The Bill comes to us strengthened from the Commons, in government clauses relating to the effect on children, special measures in family and civil proceedings, cross- examining a witness in person and many other issues. The new role of domestic abuse commissioner for Nicole Jacobs must also be warmly welcomed, and the work of the Joint Committee in 2019 welcomed and acknowledged. However, as noble Lords have said, now is our opportunity to play our part in the Bill, and there are many areas where it needs further fortification.

Having listened to victims themselves and many charities working with victims and perpetrators, outstanding issues for the Bill include the urgent protection of victims who have no access to public funds under our immigration law. Could the Minister update us on the support for migrant victims pilot scheme and its conclusions?

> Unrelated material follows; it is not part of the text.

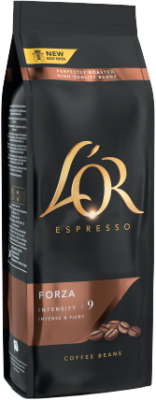 L'or Espresso Forza UTZ zrnková káva 500 g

Action is also needed for a new duty on public bodies to deliver community-based support and for public authorities to provide training to support victims. I will support the noble Baroness, Lady Armstrong, in that amendment.

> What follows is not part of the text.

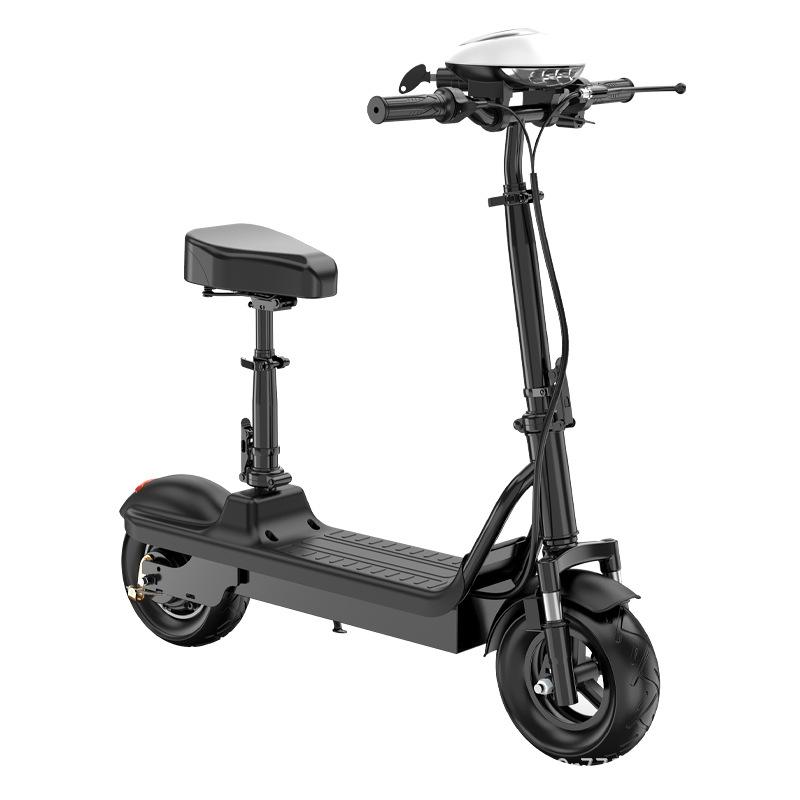 SCOOTER ELÉCTRICO CON AJUSTE DE ALTURA INTELIGENTE – MODELO URBANO PREMIUM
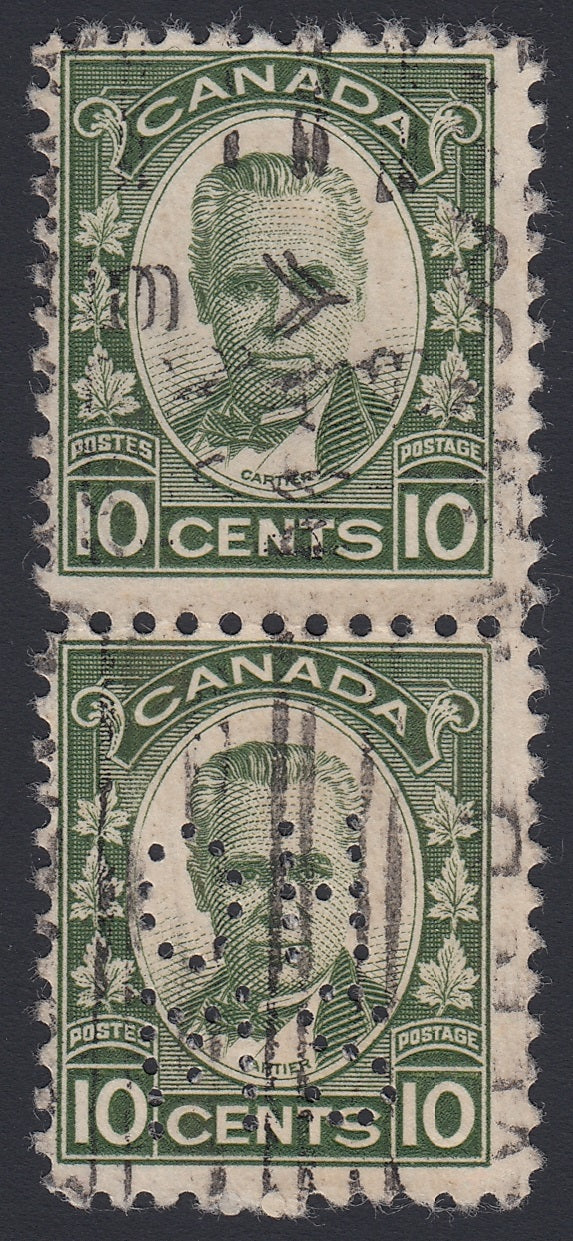 0223CA1804 - Canada OA190 &#39;A Z&#39; - Used Pair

There are also questions of economic and post-separation abuse, the present structure of universal credit access, workplace protection and the Government’s workplace review, as well as the gendered nature of domestic abuse. Charities are calling for an end to the threat of sharing intimate images, as we have heard so strongly from noble Lords. For the creation of a stand-alone offence of non-fatal strangulation or suffocation, I will be supporting the noble Baroness, Lady Newlove. Specialist funding needs to be substantially increased and the all-important prevention work with perpetrators needs to be acknowledged in the Bill.

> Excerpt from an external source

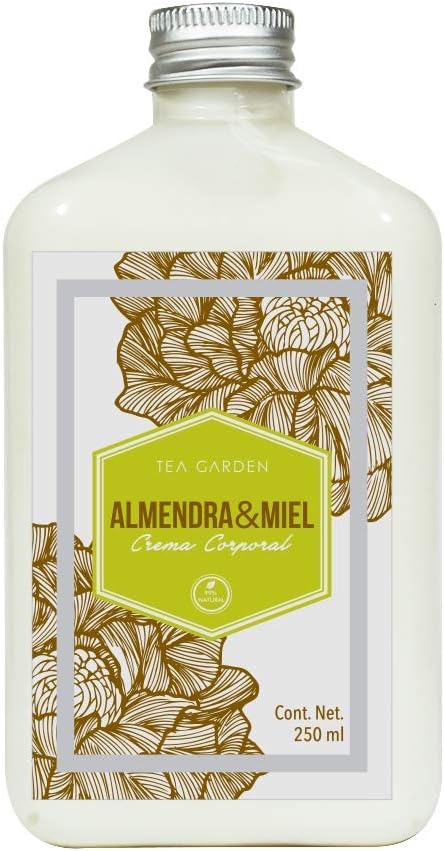 TEA GARDEN 99.9% NATURAL BODY LOTION (ALMOND & HONEY)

This Bill, defining domestic abuse in law for the first time as it does, is a demonstrably great step forward for abused women and children. We have the opportunity and means, in this House, to turn that step into a deterministic leap forward. My noble friend Lord Rosser is right: there has been a whiff of the 19th century and a make-do-and-mend culture around our official response to domestic abuse, so we must make our response financially cutting edge and 21st century-compliant to defeat it.